# [Source records]
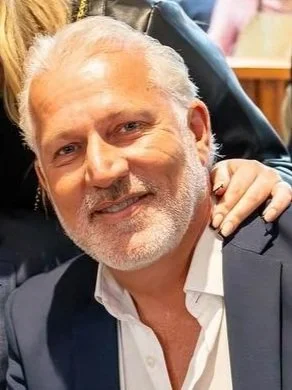 A middle-aged man with short gray hair and a beard, wearing a black button-up shirt, smiling while looking at the camera.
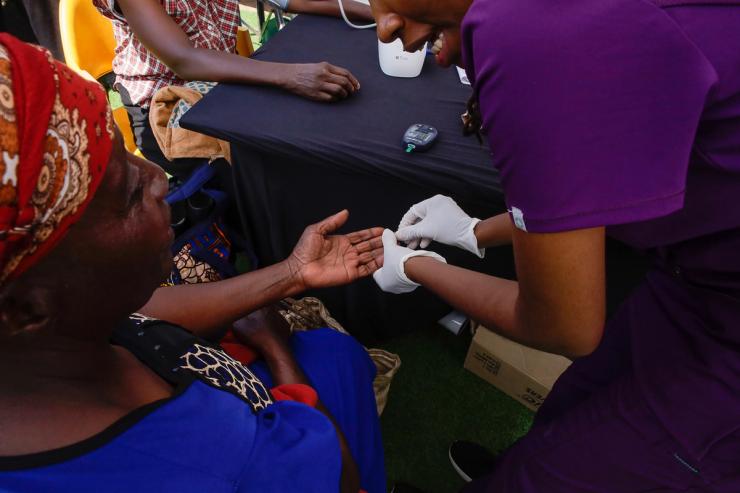 A woman receives free diabetes blood test in Nairobi.
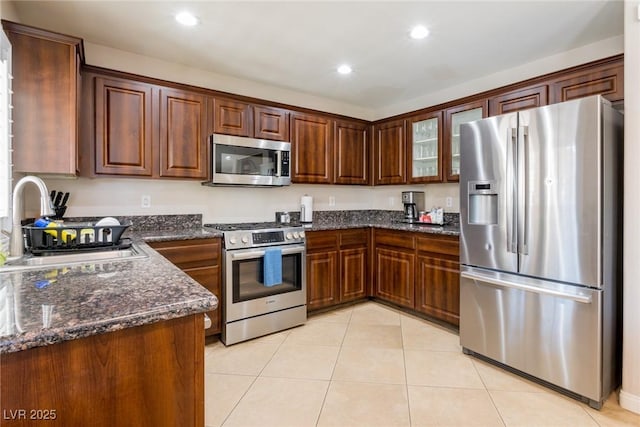 kitchen with light tile patterned floors, a sink, appliances with stainless steel finishes, recessed lighting, and dark stone counters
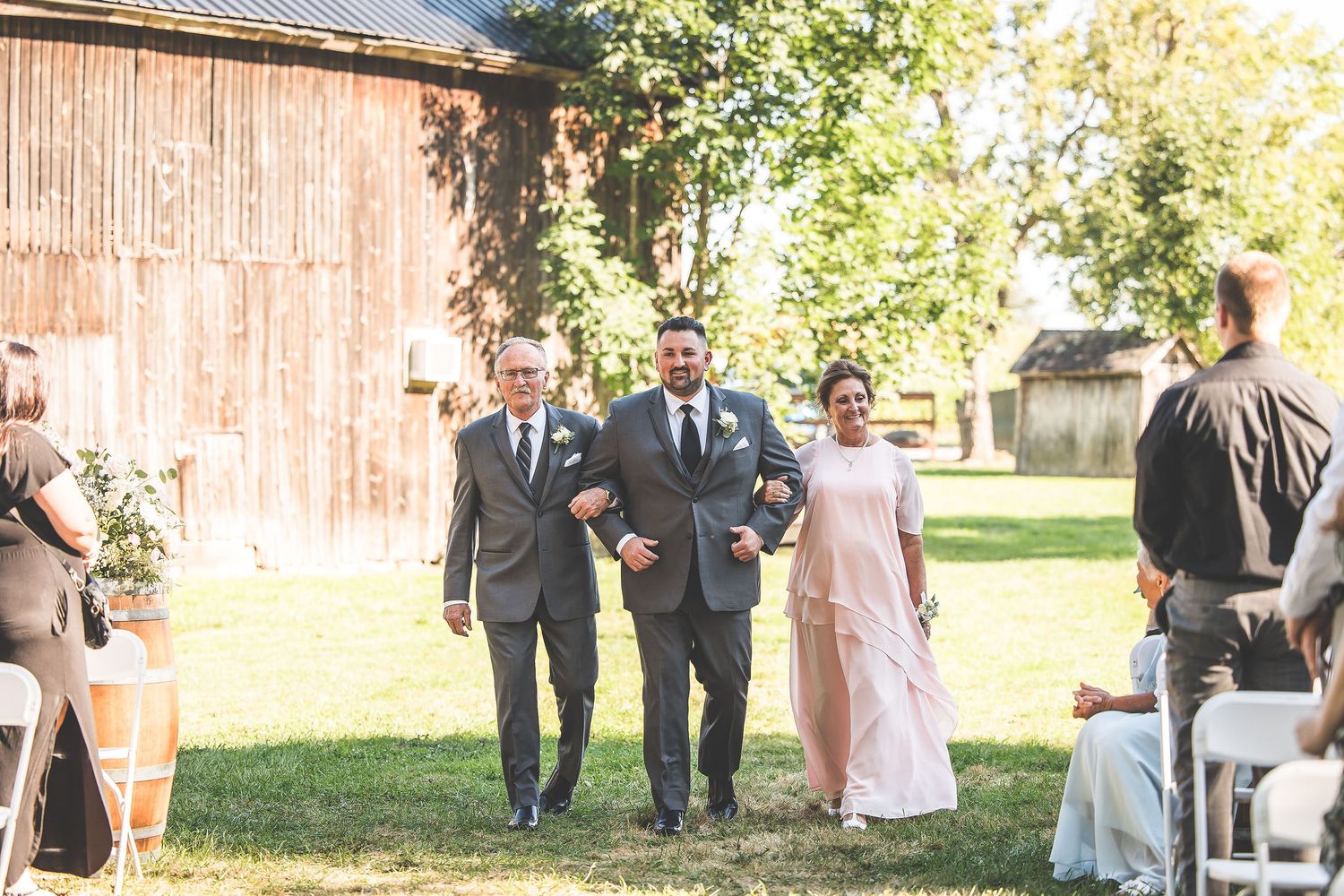Wedding party and guests gathered outside a rustic barn venue during a ceremony.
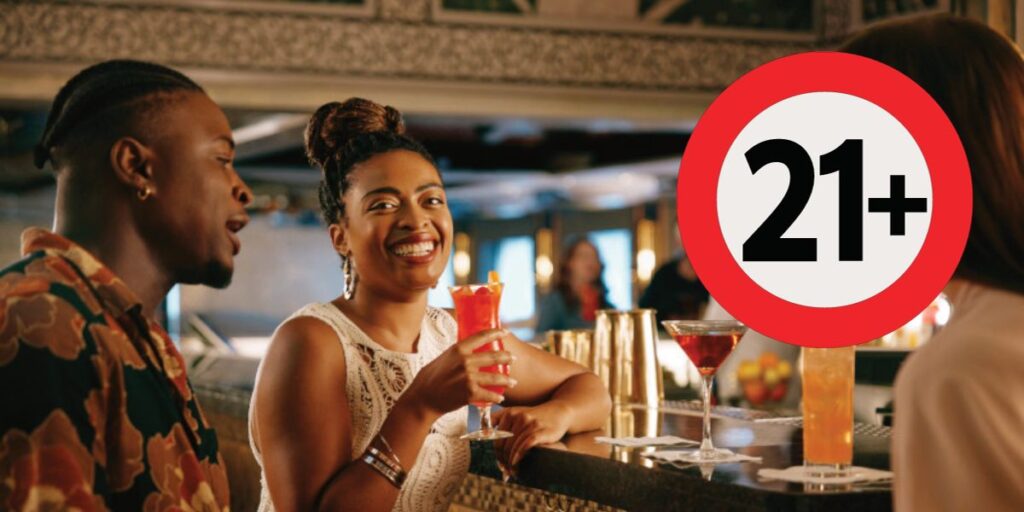 A joyful couple at a bar with a woman holding a cocktail, laughing with her companion, under a sign with '21+' indicating an age restriction for alcohol consumption.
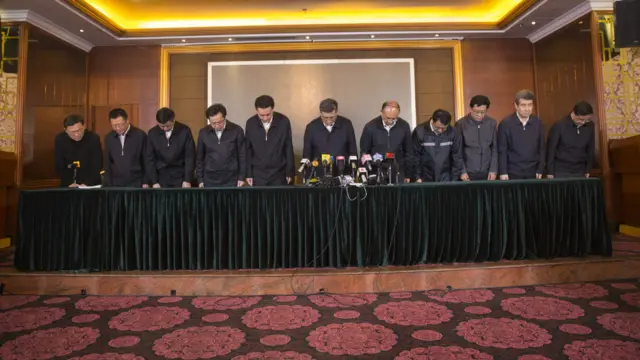 马兴瑞（左六）与许勤（左七）等为光明新区滑坡事故鞠躬道歉（新华社图片25/12/2015）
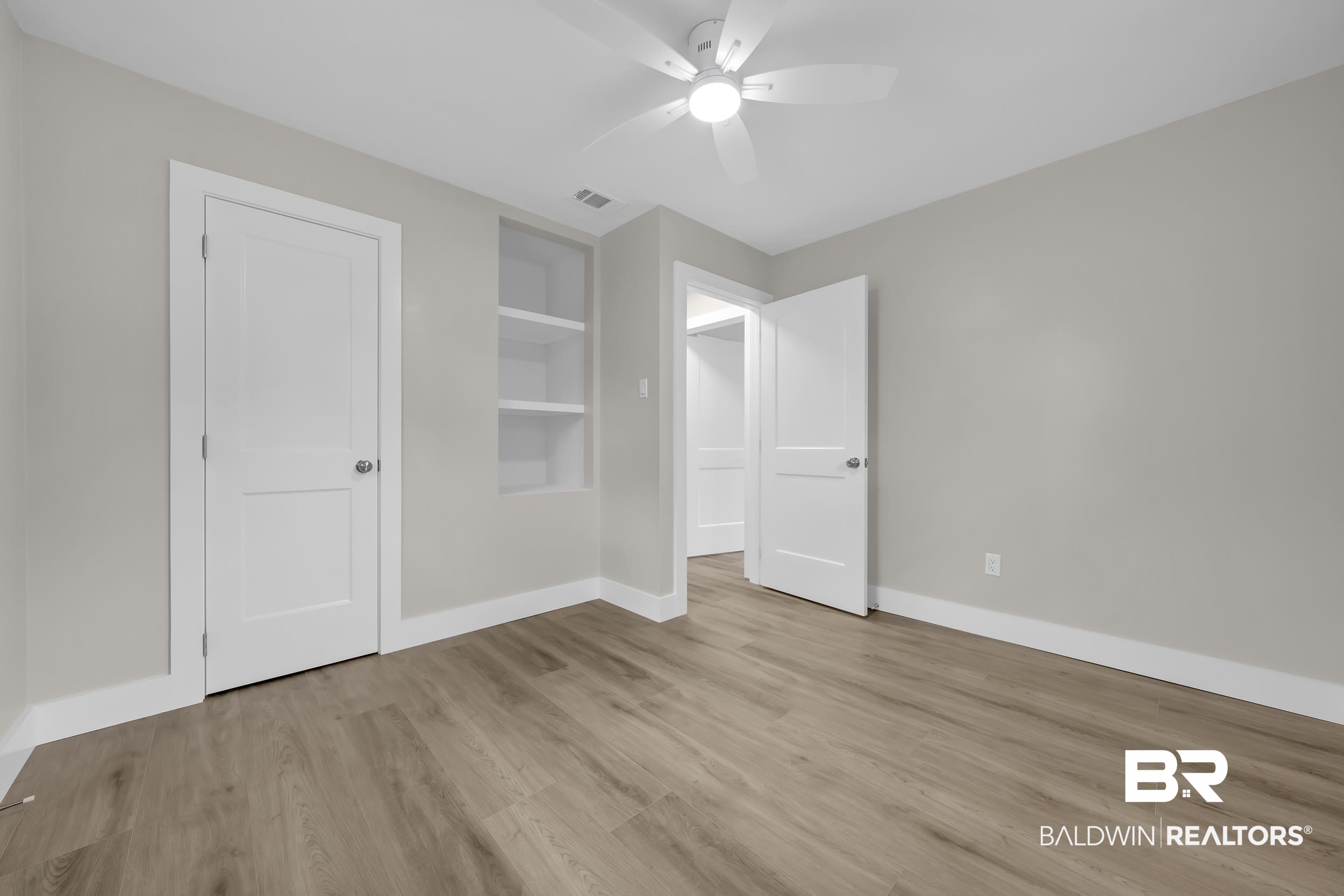11381 Normandy Drive East Semmes, AL 36575 - Photo 13 of 23 Unfurnished bedroom featuring light wood-type flooring and ceiling fan
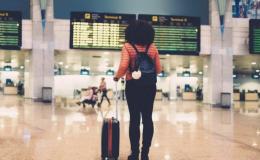 woman stands in an airport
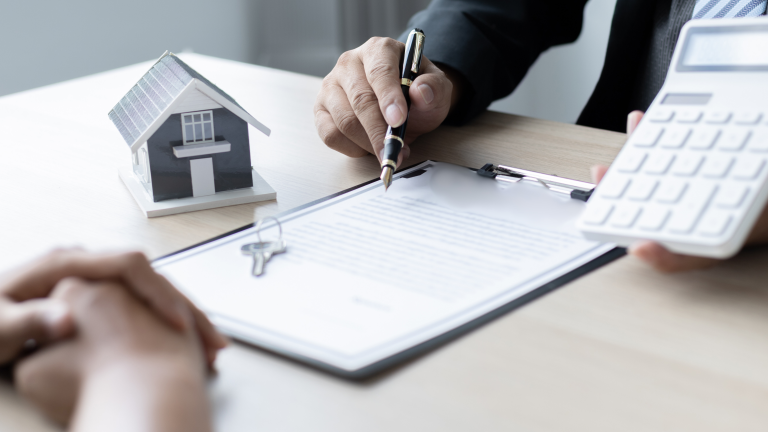 Eine Person, die einer anderen Person ein Haus verkauft, dabei nennt er 8 Fehler beim Immobilienkauf.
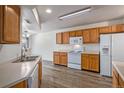 Bright kitchen boasts wood cabinets, white appliances, and modern flooring for a clean and functional space at 19172 E Arkansas Dr # 106, Aurora, CO 80017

# [Task requirements]
Reproduce the final stretch of lines exactly: the line containing "woman stands in an airport" through the last line of the data, both included. Pictures do not belong in the copy.

# [The answer]
 woman stands in an airport
 Eine Person, die einer anderen Person ein Haus verkauft, dabei nennt er 8 Fehler beim Immobilienkauf.
 Bright kitchen boasts wood cabinets, white appliances, and modern flooring for a clean and functional space at 19172 E Arkansas Dr # 106, Aurora, CO 80017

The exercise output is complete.